RAG paper review: Dense Passage Retrieval for Open-Domain Question Answering (3/50)

The DPR paper predates RAG and gives nascent ideas about Vector databases.

This paper was a bit hard to read as there are no diagrams. I mean i spent sometimes drawing the diagram in my head. There were also steps that left me confused as to the actual implementation.

Dense means dense vectors, vectors consisting of non-zero elements. Passage here means answers.

the advances of reading comprehension models suggest a much simplified two-stage framework: (1) a context retriever first selects a small subset of passages where some of them contain the answer to the question, and then (2) a machine reader can thoroughly examine the retrieved contexts and identify the correct answer

Before, answering questions relied on keyword matching. This paper proposes a fine-tuning approach to create great vector embeddings using only pairs of q&as. “the embedding is optimized for maximizing inner products of the question and relevant passage vectors, with an objective comparing all pairs of questions and passages in a batch.”

With special in-memory data structures and indexing schemes, retrieval can be done efficiently using maximum inner product search (MIPS) algorithms

Assume that our collection contains D documents, d1, d2, · · · , dD. We first split each of the documents into text passages of equal lengths as the basic retrieval units3 and get M total passages in our corpus …, where each passage pi can be viewed as a sequence of tokens … . Given a question q, the task is to find a span … from one of the passages … that can answer the question.

Basically, it cuts the documents into chunks and selects the answer from that.

We focus our research … on improving the retrieval component in open-domain QA. Given a collection of M text passages, the goal of our dense passage retriever (DPR) is to index all the passages in a low-dimensional and continuous space, such that it can retrieve efficiently the top k passages relevant to the input question for the reader at run-time.

Our dense passage retriever (DPR) uses a dense encoder EP (·) which maps any text passage to a d dimensional real-valued vectors and builds an index for all the M passages that we will use for retrieval.

At run-time, DPR applies a different encoder EQ(·) that maps the input question to a d-dimensional vector, and retrieves k passages of which vectors are the closest to the question vector.
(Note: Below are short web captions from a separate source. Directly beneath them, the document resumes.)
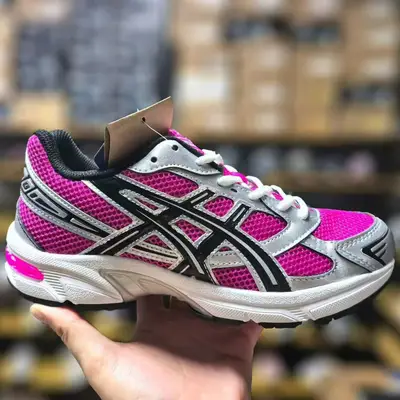 ASICS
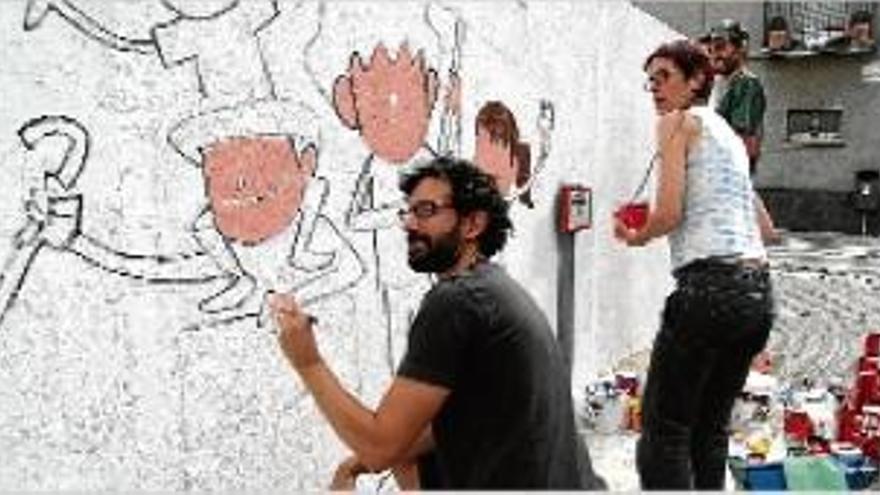 A l&#039;esquerra, taller de maquillatge de dissabte a la tarda a la Pujada Roja; a la dreta, pintada d&#039;un mural reivindicatiu al barri de Plaça Catalunya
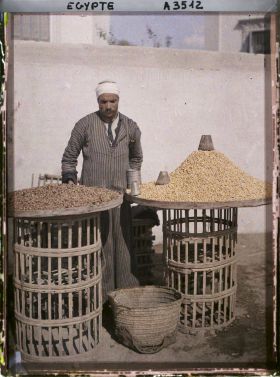 Image représentant Marchand itinérant vendant des fèves et du maïs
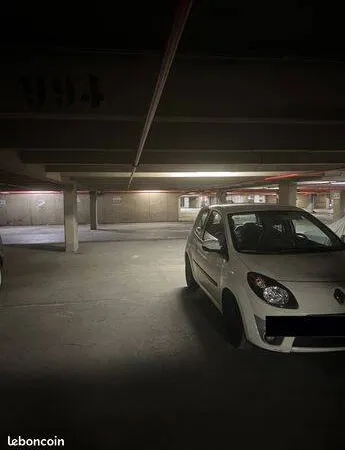 Parking 11 m²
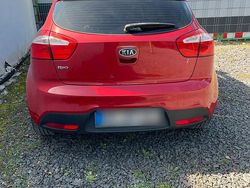 Rot Gebraucht 2011 Kia Rio Limousine | 3.200 € (Guter Preis)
We define the similarity between the question and the passage using the dot product of their vectors

Each training sample has: question, answer and irrelevant words (negative). It’s loss function maximizes the similarity score between the query and its positive passage while minimizing the score between the query and all the negative passages.

We test these alternatives and find that L2 performs comparable to dot product, and both of them are superior to cosine

A very clear paper IMO.